A associação ambientalista Zero considerou sexta-feira que o projeto de plantação de pera-abacate previsto no concelho de Alcácer do Sal (Setúbal), cuja consulta pública terminou na quarta-feira, “pode ser mais uma machadada” na conservação da natureza.

De acordo com a Zero, em comunicado enviado à agência Lusa, o projeto do grupo Aquaterra “propõe a instalação de um empreendimento agroindustrial, com mais de 800 hectares (ha), para a produção e exportação de abacate, em plena Zona Especial de Conservação (ZEC) da Comporta/Galé, em área de habitats dunares”.

Esta “monocultura de regadio dependerá de 34 furos de captação de água subterrânea e do abastecimento do perímetro de rega do Vale do Sado”, apontou.

O período de consulta pública do Estudo de Impacte Ambiental (EIA) do Projeto Agroflorestal das Herdades de Murta e Monte Novo, em Alcácer do Sal, promovido pela empresa Expoente Frugal Lda, do grupo Aquaterra, decorreu entre 12 de dezembro de 2023 e a passada quarta-feira.

O processo, que está agora em análise, contou com 341 participações, de acordo com a informação disponível no portal Participa (www.participa.pt), consultado hoje pela agência Lusa.

No entender da associação Zero, este projeto pode pôr em causa os recursos hídricos da região.

“Para a produção de abacate, o promotor dimensionou o sistema de rega contando com um uso anual de mais de quatro milhões de metros cúbicos (4 hm³) de água, cerca de 3 hm³ provenientes de águas subterrâneas e 1 hm³ do Aproveitamento Hidroagrícola do Vale do Sado (AHVS)”, lê-se no comunicado.

Segundo a Zero, “para justificar o direito ao uso destas quantidades de água subterrânea, o grupo Aquaterra contraria os valores considerados pela entidade competente quanto aos recursos hídricos disponíveis nos aquíferos, propondo critérios próprios para pintar um cenário mais favorável a fim de justificar uma maior extração de água”.

“A massa de água subterrânea em questão, denominada Bacia Tejo–Sado/Margem Esquerda, tem já apresentado indícios de sobre-exploração nalgumas áreas”, alertou.

E, “quanto ao uso da água proveniente das barragens do Vale do Gaio e Pego do Altar, esta só poderia ser feita com uma autorização de água a título precário, dado que os terrenos a regar estão fora do perímetro de rega” do AHVS, frisou a Zero.
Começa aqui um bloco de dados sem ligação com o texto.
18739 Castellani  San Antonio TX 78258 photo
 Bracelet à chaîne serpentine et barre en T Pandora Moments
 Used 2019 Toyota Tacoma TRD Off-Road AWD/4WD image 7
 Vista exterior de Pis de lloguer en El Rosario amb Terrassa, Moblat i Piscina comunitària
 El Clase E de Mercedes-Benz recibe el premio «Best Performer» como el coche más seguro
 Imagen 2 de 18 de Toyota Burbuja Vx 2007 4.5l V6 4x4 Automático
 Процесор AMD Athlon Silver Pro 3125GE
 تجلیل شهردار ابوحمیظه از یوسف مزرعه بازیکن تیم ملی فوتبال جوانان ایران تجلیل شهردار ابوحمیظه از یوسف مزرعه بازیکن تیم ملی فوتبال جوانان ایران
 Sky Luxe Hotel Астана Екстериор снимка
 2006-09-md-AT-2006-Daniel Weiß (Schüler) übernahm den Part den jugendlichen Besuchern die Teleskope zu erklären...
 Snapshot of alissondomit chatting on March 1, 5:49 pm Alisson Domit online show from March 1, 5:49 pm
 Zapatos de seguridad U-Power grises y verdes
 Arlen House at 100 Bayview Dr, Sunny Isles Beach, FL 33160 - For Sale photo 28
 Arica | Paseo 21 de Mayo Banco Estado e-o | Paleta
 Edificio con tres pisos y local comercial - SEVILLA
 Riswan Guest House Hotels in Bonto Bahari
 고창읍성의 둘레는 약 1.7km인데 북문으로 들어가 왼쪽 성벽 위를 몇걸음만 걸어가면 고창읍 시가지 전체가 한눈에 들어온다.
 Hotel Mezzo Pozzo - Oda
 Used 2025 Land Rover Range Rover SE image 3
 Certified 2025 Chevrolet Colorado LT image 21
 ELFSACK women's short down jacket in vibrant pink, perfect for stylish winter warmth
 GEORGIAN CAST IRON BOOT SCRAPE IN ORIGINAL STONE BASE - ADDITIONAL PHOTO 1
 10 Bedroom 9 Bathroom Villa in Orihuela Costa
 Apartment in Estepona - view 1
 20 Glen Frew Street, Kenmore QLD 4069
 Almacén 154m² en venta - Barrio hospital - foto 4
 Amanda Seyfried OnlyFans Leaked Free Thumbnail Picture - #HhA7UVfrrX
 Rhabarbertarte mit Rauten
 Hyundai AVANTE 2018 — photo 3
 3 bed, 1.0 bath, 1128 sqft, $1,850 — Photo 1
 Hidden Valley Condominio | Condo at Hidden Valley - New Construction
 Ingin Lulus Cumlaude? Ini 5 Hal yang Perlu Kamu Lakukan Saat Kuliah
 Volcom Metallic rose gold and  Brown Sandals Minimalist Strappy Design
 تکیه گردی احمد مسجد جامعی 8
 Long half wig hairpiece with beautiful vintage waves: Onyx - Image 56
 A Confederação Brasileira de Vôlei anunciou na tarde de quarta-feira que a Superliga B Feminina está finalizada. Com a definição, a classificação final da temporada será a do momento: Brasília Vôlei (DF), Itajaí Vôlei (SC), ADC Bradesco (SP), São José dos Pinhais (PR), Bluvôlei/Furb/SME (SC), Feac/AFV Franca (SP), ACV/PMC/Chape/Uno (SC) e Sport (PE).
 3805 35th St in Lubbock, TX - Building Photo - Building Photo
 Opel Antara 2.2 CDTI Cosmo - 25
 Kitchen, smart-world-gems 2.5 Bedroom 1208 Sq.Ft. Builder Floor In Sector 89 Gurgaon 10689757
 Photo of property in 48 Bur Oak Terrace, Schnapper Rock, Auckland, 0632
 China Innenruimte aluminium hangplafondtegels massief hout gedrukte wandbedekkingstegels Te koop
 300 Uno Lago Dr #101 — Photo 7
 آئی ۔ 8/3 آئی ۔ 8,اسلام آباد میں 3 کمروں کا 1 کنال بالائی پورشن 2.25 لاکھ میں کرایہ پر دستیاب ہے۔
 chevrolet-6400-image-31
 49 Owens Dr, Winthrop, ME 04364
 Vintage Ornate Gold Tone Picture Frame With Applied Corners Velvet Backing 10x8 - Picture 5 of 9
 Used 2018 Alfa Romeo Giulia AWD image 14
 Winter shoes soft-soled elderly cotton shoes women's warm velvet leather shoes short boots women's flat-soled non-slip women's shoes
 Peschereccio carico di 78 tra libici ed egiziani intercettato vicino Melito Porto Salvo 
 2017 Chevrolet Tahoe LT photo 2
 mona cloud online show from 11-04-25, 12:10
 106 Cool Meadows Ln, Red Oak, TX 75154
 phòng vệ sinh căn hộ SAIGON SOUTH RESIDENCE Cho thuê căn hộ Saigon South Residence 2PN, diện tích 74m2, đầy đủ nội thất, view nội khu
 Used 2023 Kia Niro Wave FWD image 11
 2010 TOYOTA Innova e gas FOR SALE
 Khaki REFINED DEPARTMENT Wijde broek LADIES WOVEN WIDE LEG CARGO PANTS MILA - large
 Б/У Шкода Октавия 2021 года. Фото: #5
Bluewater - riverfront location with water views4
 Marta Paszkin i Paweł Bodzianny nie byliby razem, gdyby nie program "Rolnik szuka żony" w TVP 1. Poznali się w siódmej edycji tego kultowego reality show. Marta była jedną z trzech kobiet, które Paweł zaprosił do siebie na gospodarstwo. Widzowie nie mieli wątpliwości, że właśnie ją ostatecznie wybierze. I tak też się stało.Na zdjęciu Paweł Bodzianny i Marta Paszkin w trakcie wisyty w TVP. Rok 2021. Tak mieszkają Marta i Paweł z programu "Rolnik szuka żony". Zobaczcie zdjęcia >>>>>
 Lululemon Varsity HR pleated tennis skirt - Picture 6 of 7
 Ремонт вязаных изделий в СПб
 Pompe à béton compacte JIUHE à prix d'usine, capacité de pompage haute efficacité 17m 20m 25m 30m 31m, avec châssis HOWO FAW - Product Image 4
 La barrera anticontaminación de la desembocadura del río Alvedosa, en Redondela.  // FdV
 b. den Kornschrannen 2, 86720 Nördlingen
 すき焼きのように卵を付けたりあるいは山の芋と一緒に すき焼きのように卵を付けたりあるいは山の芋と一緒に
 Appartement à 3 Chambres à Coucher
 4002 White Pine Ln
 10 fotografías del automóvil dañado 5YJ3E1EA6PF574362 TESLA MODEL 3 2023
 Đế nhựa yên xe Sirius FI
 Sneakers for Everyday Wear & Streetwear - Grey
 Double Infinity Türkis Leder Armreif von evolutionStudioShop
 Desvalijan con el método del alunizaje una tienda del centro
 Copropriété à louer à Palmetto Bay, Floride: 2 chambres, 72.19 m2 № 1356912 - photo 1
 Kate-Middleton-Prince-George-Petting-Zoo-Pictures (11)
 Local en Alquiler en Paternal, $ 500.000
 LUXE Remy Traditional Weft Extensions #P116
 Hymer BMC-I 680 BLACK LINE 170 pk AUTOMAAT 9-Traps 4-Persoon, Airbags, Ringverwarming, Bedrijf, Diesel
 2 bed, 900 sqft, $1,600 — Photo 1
No documento, a associação lembrou que “o Governo restringiu a contratualização de água proveniente de perímetros de rega coletivos públicos para culturas permanentes, como salvaguarda da capacidade de gestão da água face a situações de maior escassez”.

“O projeto desenvolve-se nos limites da Reserva do Estuário do Sado, em ecossistemas com habitats dunares com zimbrais e outras espécies protegidas ao abrigo da Diretivas Habitats e Aves”, e onde foram “identificadas espécies RELAPE, endemismos ibéricos e lusitânicos”.

Para a Zero, a “proliferação de projetos turísticos e de intensificação agrícola tem levado a uma artificialização da ZEC da Comporta/Galé, ultrapassando já os 4.000 ha”.

“Caso o projeto venha a ser aprovado, as áreas incompatíveis com a conservação dos valores naturais protegidos irão atingir cerca de 17 a 18% da área classificada, pondo em causa a integridade” desta ZEC.

A associação ambientalista ressalvou que “a artificialização de áreas classificadas” está a pôr em “risco” as “metas de proteção da natureza”

“No entanto, de pouco serve possuir área com proteção legal para a conservação e recuperação da biodiversidade se, na prática, largas proporções são transformadas através de empreendimentos incompatíveis com estes fins. Por uma questão de honestidade, para o cálculo deveriam ser apenas consideradas as áreas onde esta proteção efetivamente ocorre”, argumentou.